Supplied information
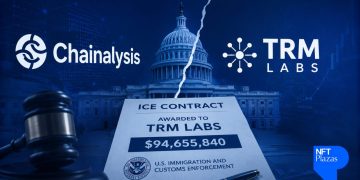 Chainalysis Sues U.S. Government Over $94.7M Contract Award to TRM Labs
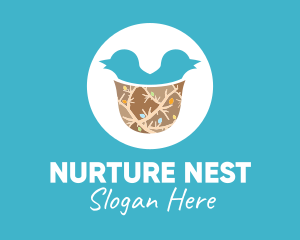 Twin Baby Nursery logo
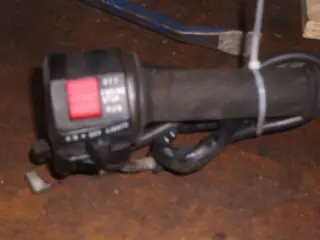 Throttle grip Suzuki RF 600 1993 - 1997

Task to complete
To answer, repeat exactly the lines from the line containing "Twin Baby Nursery logo" through the last line of the data above, leaving out all pictures.

Answer to this task
 Twin Baby Nursery logo
 Throttle grip Suzuki RF 600 1993 - 1997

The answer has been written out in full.